# TO DO:
For this exercise, output the entries below exactly from the line that holds "Soykırımcı İsrail, 450" to the line that holds "Nhà 5 tầng dtsd", both ends included. No pictures belong in the copy.

# RECORD SET:
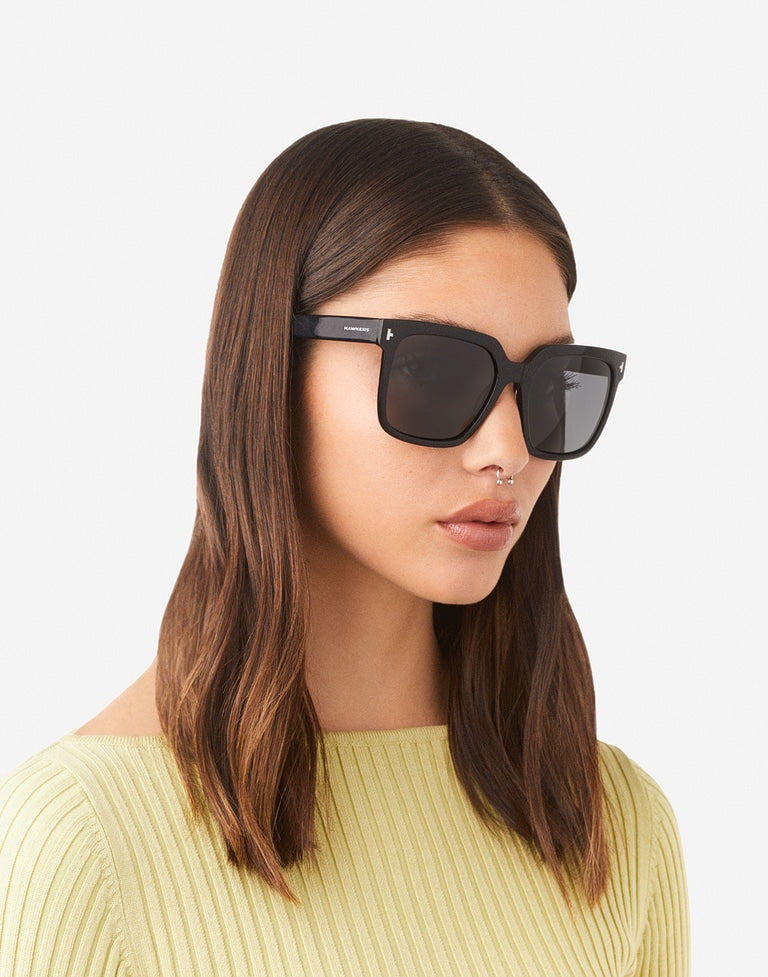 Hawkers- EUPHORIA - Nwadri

* * *

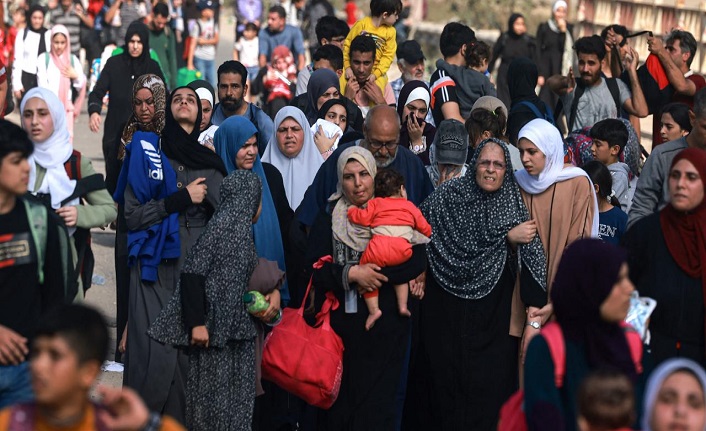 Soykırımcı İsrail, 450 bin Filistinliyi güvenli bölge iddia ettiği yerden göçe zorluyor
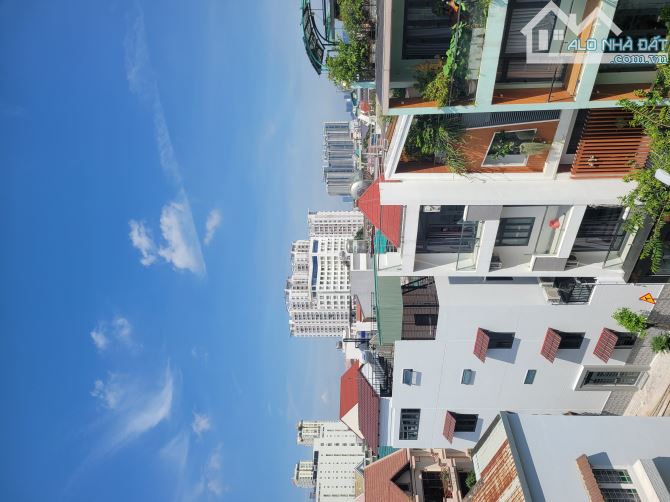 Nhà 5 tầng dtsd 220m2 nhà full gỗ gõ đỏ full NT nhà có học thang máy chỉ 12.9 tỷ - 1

...

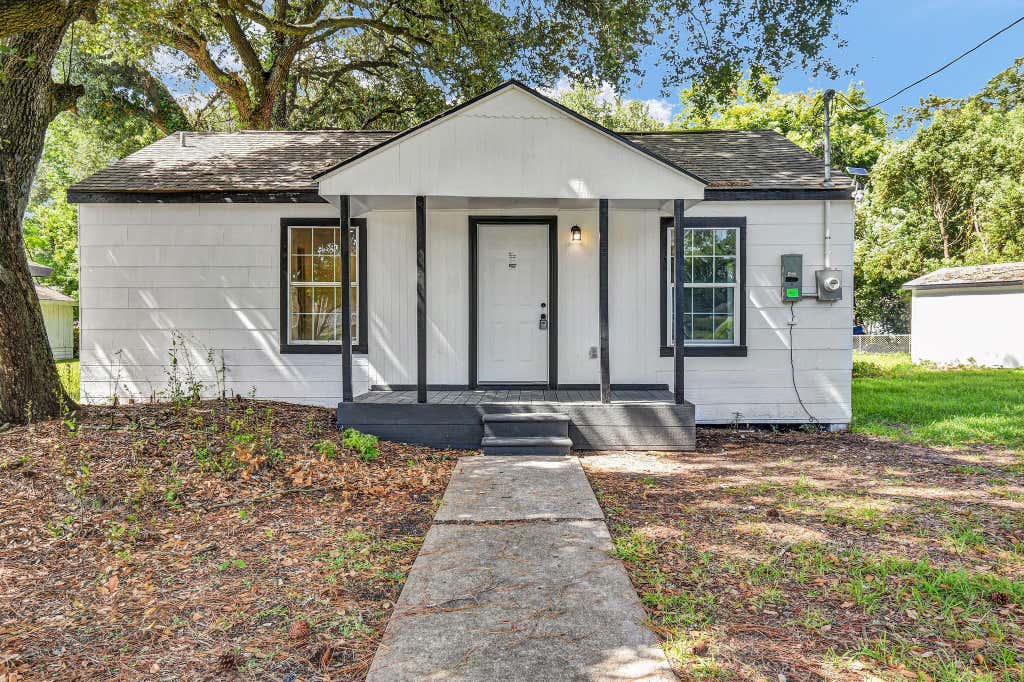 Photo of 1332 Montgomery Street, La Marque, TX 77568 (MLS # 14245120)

# SOLUTION:
 Soykırımcı İsrail, 450 bin Filistinliyi güvenli bölge iddia ettiği yerden göçe zorluyor
 Nhà 5 tầng dtsd 220m2 nhà full gỗ gõ đỏ full NT nhà có học thang máy chỉ 12.9 tỷ - 1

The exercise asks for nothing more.